In terms of sound generation, the EA1 contains two independent programmable monophonic synthesizers, each of a straightforward two-oscillator design and combining traditional analogue features such as portamento, oscillator sync, and ring modulation with more unusual features like Decimation (bit reduction) and distortion. The full parameter list for each of the EA1's synths is as follows:


  • Osc 1 waveforms: Saw, Pulse, Triangle, External Audio.
  • Osc 2 waveforms: Saw, Pulse, Triangle.
  • Osc 2 Pitch Offset (variable over four octaves).
  • Osc Mod: Ring Mod, Sync, Decimator.
  • Osc balance (between 1 & 2).
  • Portamento.


  • Cutoff.
  • Resonance.
  • EG Density.
  • Decay.


  • Level.
  • Distortion.


  • Type (Chorus/Flanger, Delay).
  • Depth
  • Time (controls chorus/flanger speed)

The synths in the EA1 are based around the analogue modelling technology used in Korg's Z1, and in this incarnation are laid out in a standard VCO-VCF-VCA-EG configuration. As you can see from the features list above, they offer a reasonable arsenal of controls and parameters to play with. The frequency range of the oscillators is wide, though Osc 1's isn't as great as that of Osc 2. Strangely, in their raw state the waveforms all sound vaguely samey: the ring modulator and sync settings, on the other hand, sound as you would expect from an analogue synth, and the Decimator imposes a down-sampled, grungy edginess to the waveform.

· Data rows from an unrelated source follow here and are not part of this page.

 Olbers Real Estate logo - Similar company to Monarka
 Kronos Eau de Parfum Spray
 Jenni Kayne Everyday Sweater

The filter is a good approximation of an analogue low-pass type that sounds more 'Japanese' than 'American' (or more Korg/Roland than ARP/Moog). Although it can be persuaded to self-oscillate, when doing so it displays some uneven peaks and troughs while sweeping. But, all told, not a bad filter.

korg_ea1_2The envelope control is a bit of a let-down, though. The Amp section isn't envelope-controllable at all -- it's either on or off -- and the filter control is severely limited, offering just an EG Int knob (envelope depth) with a centre null/off position and negative control to the left and positive to the right. This is coupled with a simple Decay control, and although there's no attack control one can be approximated using negative depth values with longer decay settings. Because there is no Amp envelope control, however, there is always a slight blip at the front of the sound.

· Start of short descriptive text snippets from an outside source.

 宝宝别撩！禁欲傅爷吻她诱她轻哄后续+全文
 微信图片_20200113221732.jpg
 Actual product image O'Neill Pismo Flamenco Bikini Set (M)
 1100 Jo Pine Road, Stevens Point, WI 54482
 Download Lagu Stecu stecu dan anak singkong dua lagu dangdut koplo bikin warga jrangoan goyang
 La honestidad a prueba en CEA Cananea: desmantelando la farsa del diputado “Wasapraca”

The EA1's distortion is another on/off effect and works well enough, though it could hardly be described as subtle. There are, however, some redeeming features in the rest of the effects section. The Chorus/Flanger effect is basic, with only two controls, but sounds fine. The Depth parameter both controls the depth of the effect and introduces feedback at the higher settings, while the Time control (or speed in this case) ranges from the very slow to the ridiculously fast (0.2Hz-5kHz) -- which is actually fast enough produce audio-frequency (and hence audible) oscillation. As you can imagine, at the higher speeds this produces some beautifully crazed and over-the-top manipulations.

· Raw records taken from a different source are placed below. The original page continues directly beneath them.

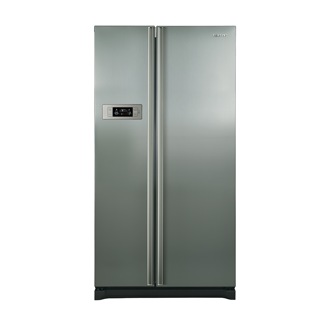SRS600NLS Front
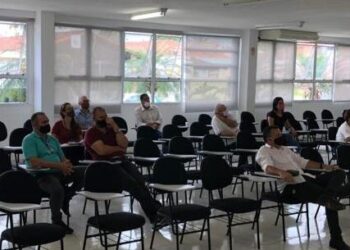 Conselho Municipal de Desenvolvimento Urbano abre inscrições para representantes da sociedade civil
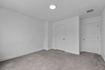 Photo 5 for 3060 N Bend Ln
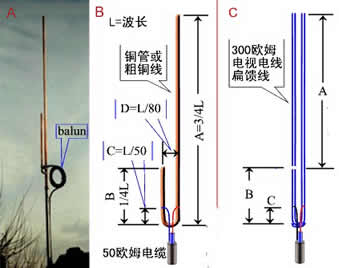 J�����߼�����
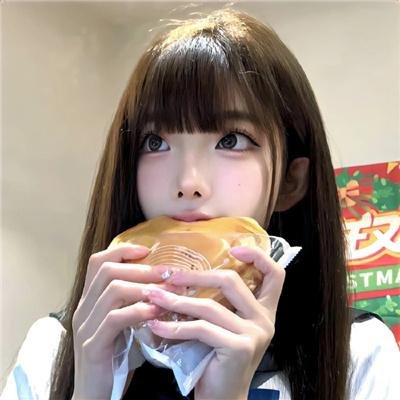 索伊·拉达:鸿运当头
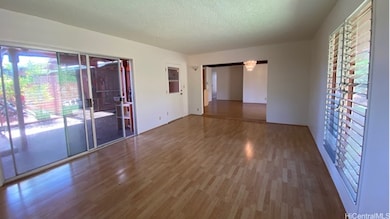 94-396 Makalu Loop, Mililani, HI 96789 - photo 7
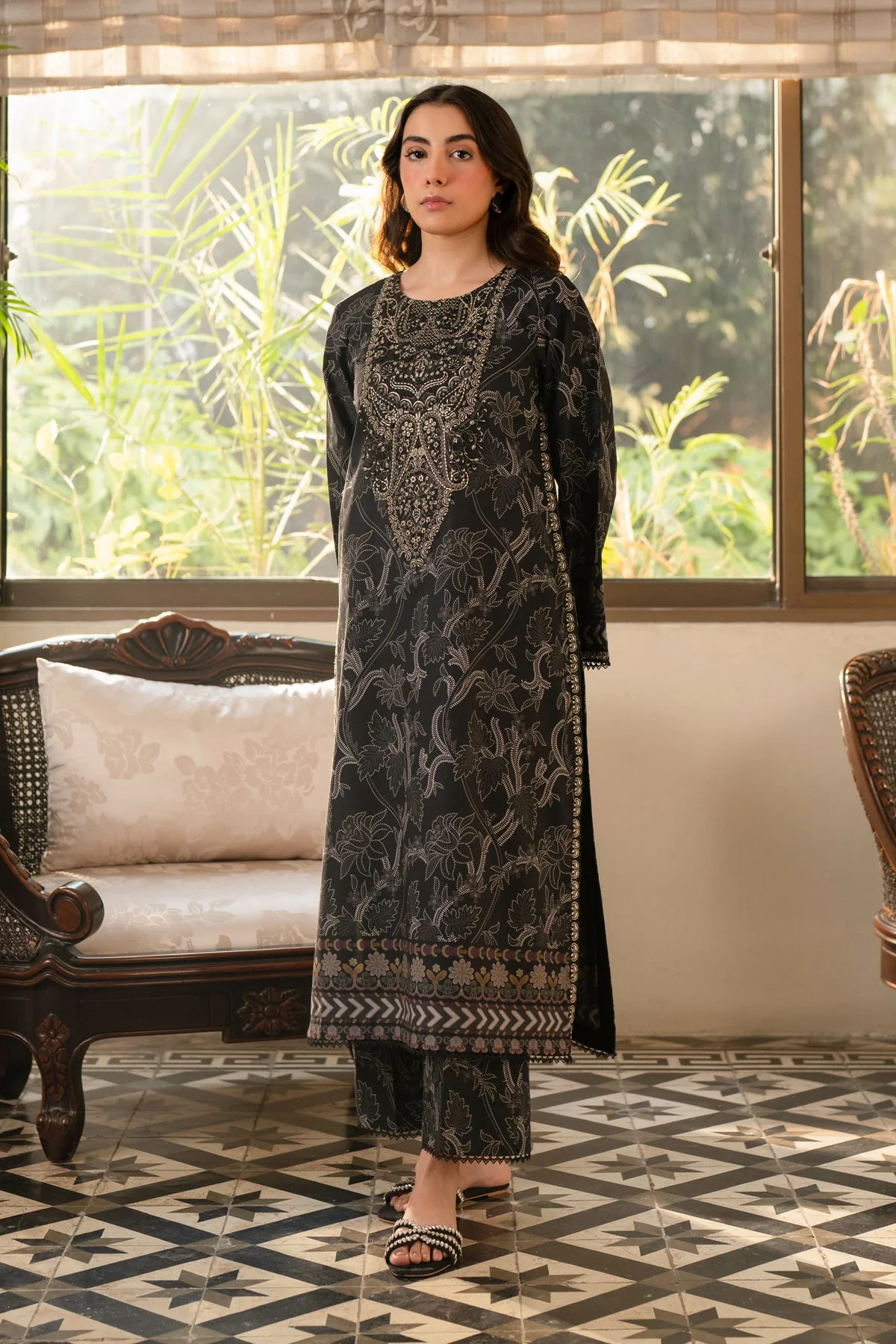 Xenia Formals Olivia-b Summer Away 2025 - Image 2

The other principal effect is Tempo Delay. Again, Depth controls two parameters (delay depth and feedback); with the Time knob set to minimum, the effect is like a flanger, while its maximum setting produces delays of a second or more. As the delay is synchronised to the pattern tempo the delay times will vary in accordance with the pattern speed, so at high tempos the maximum delay available will be shorter than at slower speeds. It's worth noting that because each synth has its own effects section some wonderfully syncopated bouncing echoes can be programmed.